The grim temptation is to use this in an exploitative manner. And that is where honor and kindness become paramount.
If one knows how to do this, one has the grave responsibility of not using it to gain unjust advantage over others. (This too is similar to that of a martial artist. Its no license to be a bully. The greater one's skill at throwing opponents, the greater the responsibility to use that skill only according to clear rules and in a contest--such as a tournament or in a courtroom setting--NO WHERE ELSE)
If someone is well trained and can match how confrontational the operator is the only remedy is to look the person straight on and say, This conversation is not about my mannerisms. This conversation is about your belief system. (Or the that the building wiring doesnt have a perimit)
(Corboy note on selection of names
If I wanted to tailor this example to the needs of a UK audience, I'd refer to Marmite.

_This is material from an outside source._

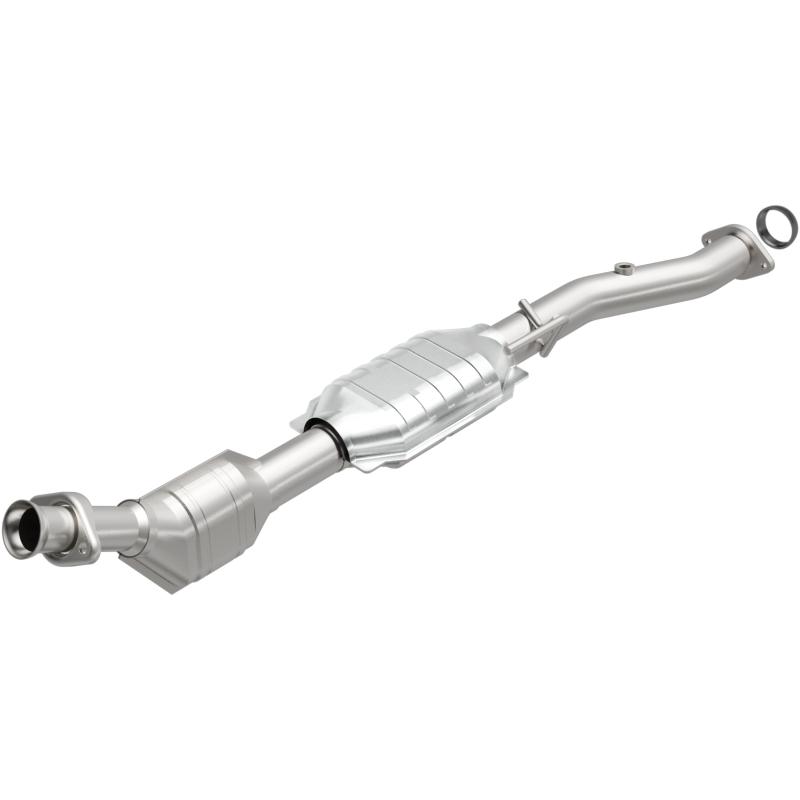 Magnaflow 441117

If addressing American readers, I'd refer to peanut butter.
Vegemite is the snack and fortifier of Australia.
This, friends, is how metaphor is used to accelerate a sense of rapport with an audience.
Unlike advertising experts, or charismatic leaders, we here on Rick Ross's forum want to show how the mechanisms of these techniques work--so you, the readers can walk away informed and empowered.)
Edited 2 time(s). Last edit at 03/17/2019 11:12PM by corboy.